→ Your task:
Could you print the stretch of lines below from the one with "Vintage First Edition" through the one with "Bulk SMS Software", exactly as they stand and without any pictures?

--- START ---

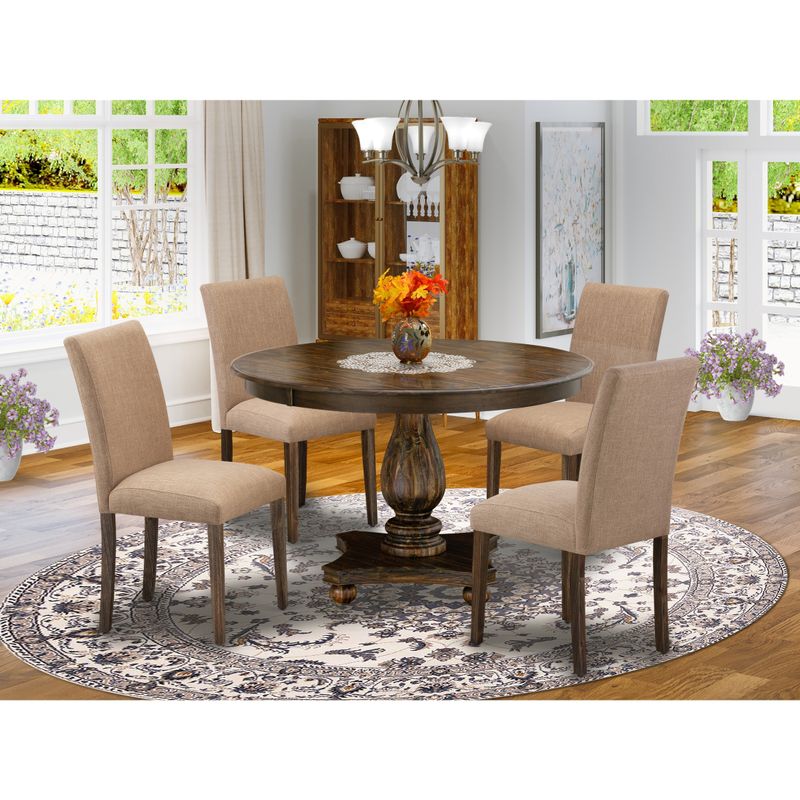 Dining Table Set Includes a Dining Table and Light Sable Linen Fabric Dining Chairs-Distressed Jacobean Finish - F2AB7-747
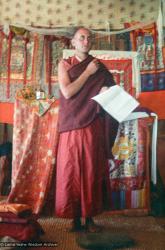 (15855_ng.tif) Nick Ribush, Lama Zopa Rinpoche's assistant for the Seventh Kopan Course, giving an introductory lecture to the new students, Kopan, November 1974.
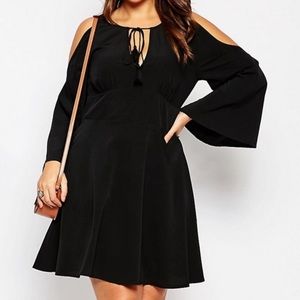 ASOS Curve Black Cold Shoulder Babydoll Dress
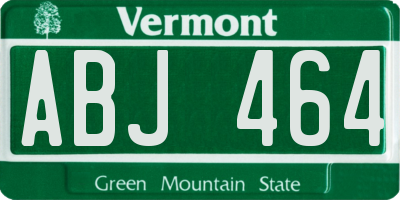 VT license plate ABJ464
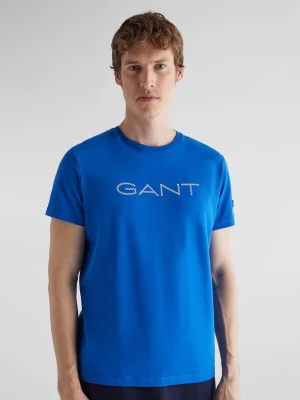 GANT Erkek Lacivert Regular Fit Bisiklet Yaka Logolu T-shirt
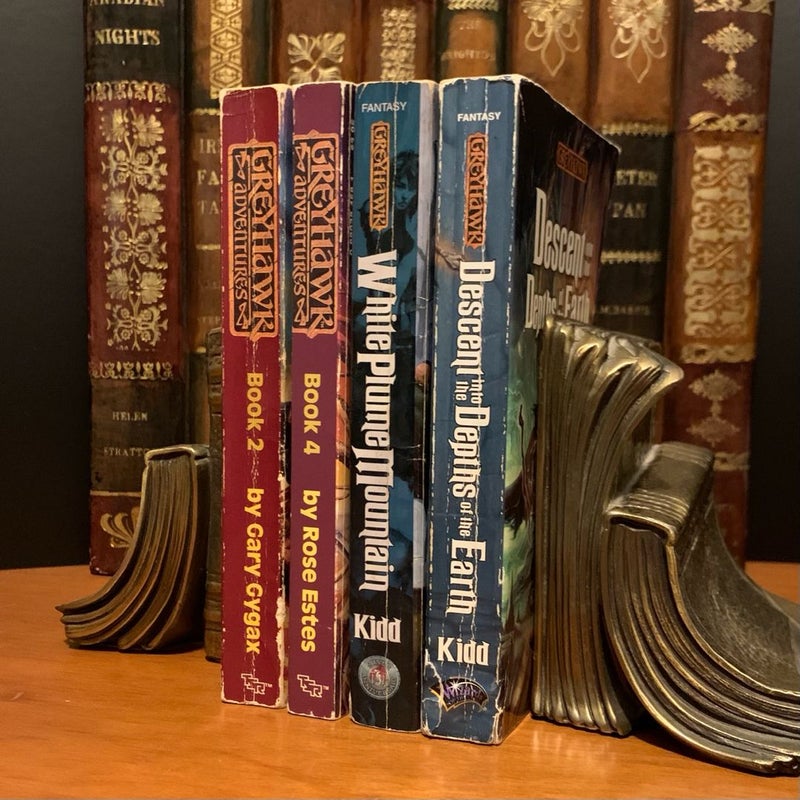 Vintage First Edition Greyhawk: Artifact of Evil, The Price of Power, White Plume Mountain, Descent into the Depths of the Earth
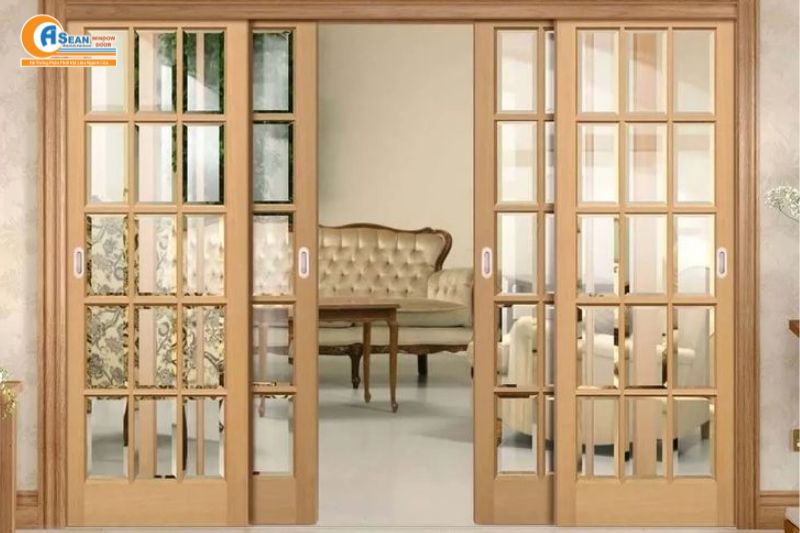 cửa nhôm giả gỗ 4 cánh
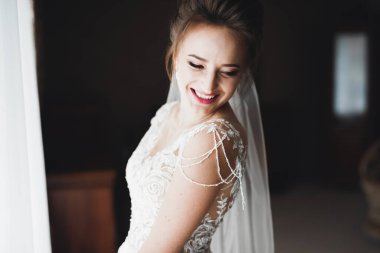 Tüylü, lüks makyaj, saç stili, stüdyo içi fotoğraf çekimi olan güzel bir gelin.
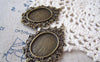 Accessories - 10 Pcs Of Antique Bronze Oval Cameo Cabochon Base Settings Match 18x25mm Cab A5598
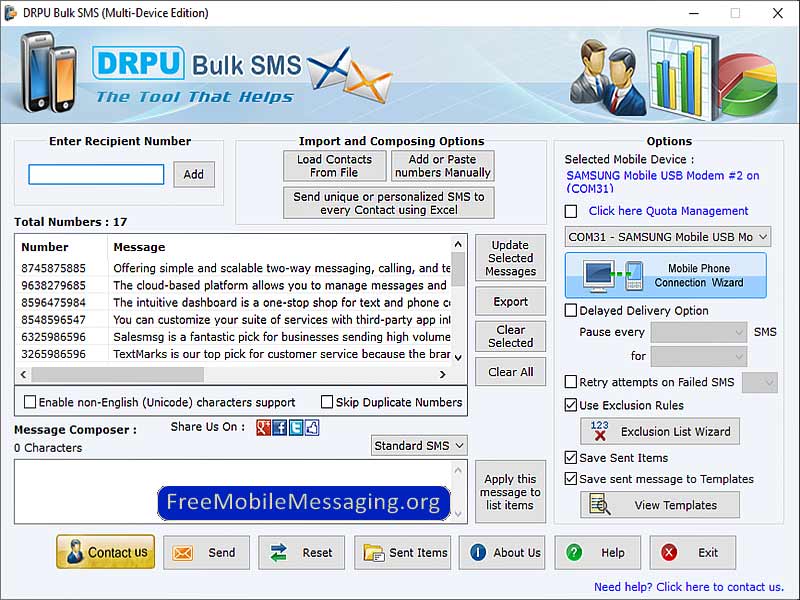 Bulk SMS Software - Multi-Device Edition screenshot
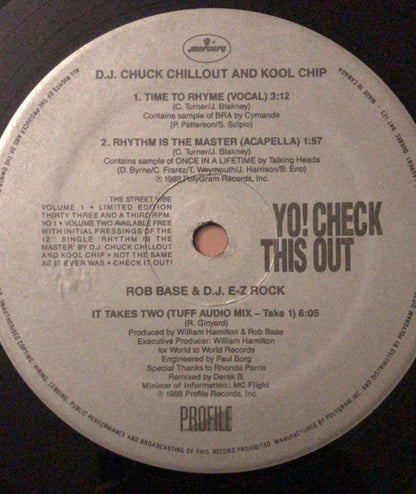 Chuck Chillout And Kool Chip, Rob Base & DJ E-Z Rock – The Street Vibe Volume 1 (Used vinyl)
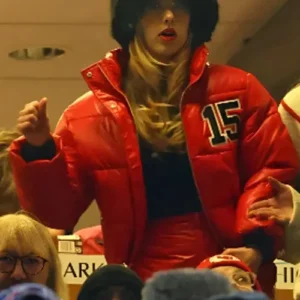 Cara Delevingne Kansas City Chiefs Red Puffer Jacket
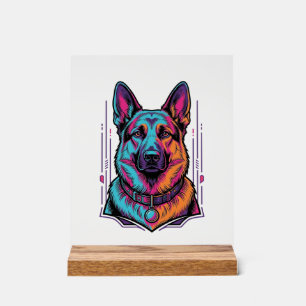 Señal Acrílica Retrato de perro neon grabado vintage Gráfico_1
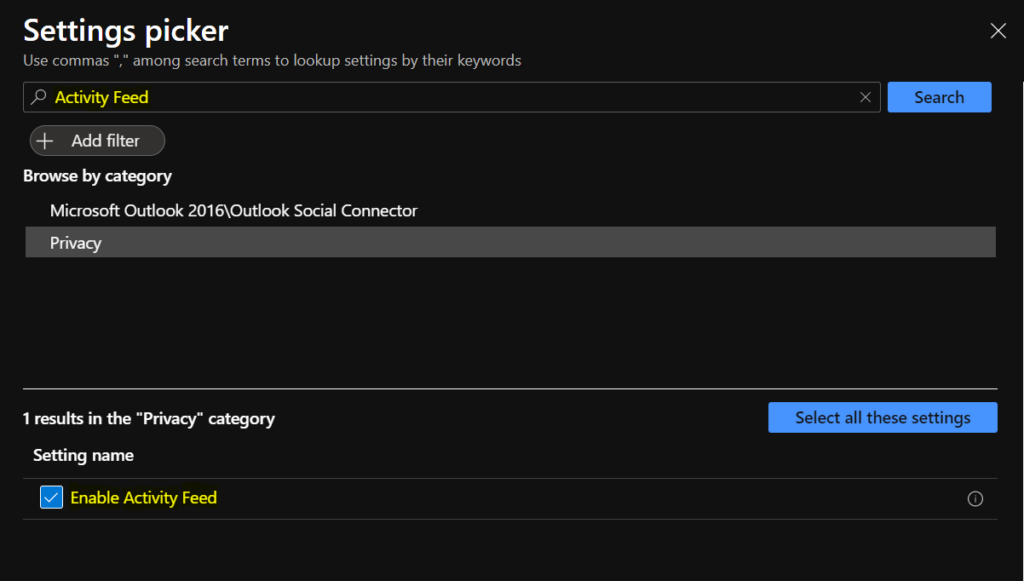 Turn Off Windows Activity History Timelines using Intune 5 Enable Activity Feed - Turn Off Windows Activity History Timelines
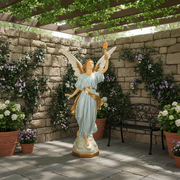 Angel With Torch Outdoor Statue (64 - Inch) Side Angle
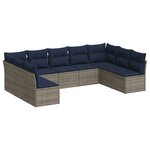 vidaXL Salon de jardin 9 Pièces avec coussins gris résine tressée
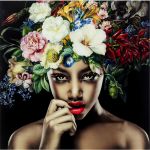 Obraz szklany Pretty Flower Woman 100x100  - Kare Design 1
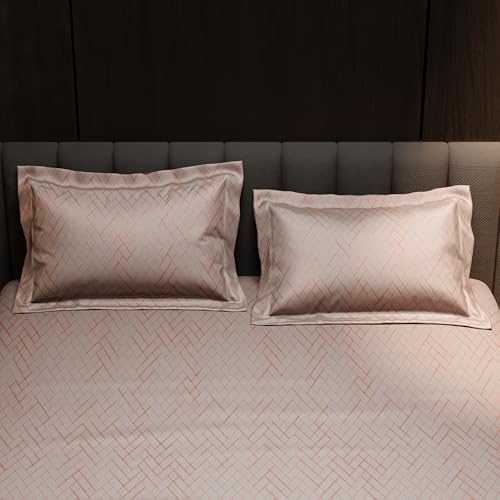 Image of Stoa Paris 300TC UltraSatin Double Fitted Bedsheet Set with 2 Pillow Covers, Gentle on Skin & Hair, Wrinkle & Fade Resistant, Home Decor, Gift for Couple, Starlit Night - Champagne (152cmx198cm+30cm)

--- END ---

→ Written answer:
 Vintage First Edition Greyhawk: Artifact of Evil, The Price of Power, White Plume Mountain, Descent into the Depths of the Earth
 cửa nhôm giả gỗ 4 cánh
 Tüylü, lüks makyaj, saç stili, stüdyo içi fotoğraf çekimi olan güzel bir gelin.
 Accessories - 10 Pcs Of Antique Bronze Oval Cameo Cabochon Base Settings Match 18x25mm Cab A5598
 Bulk SMS Software - Multi-Device Edition screenshot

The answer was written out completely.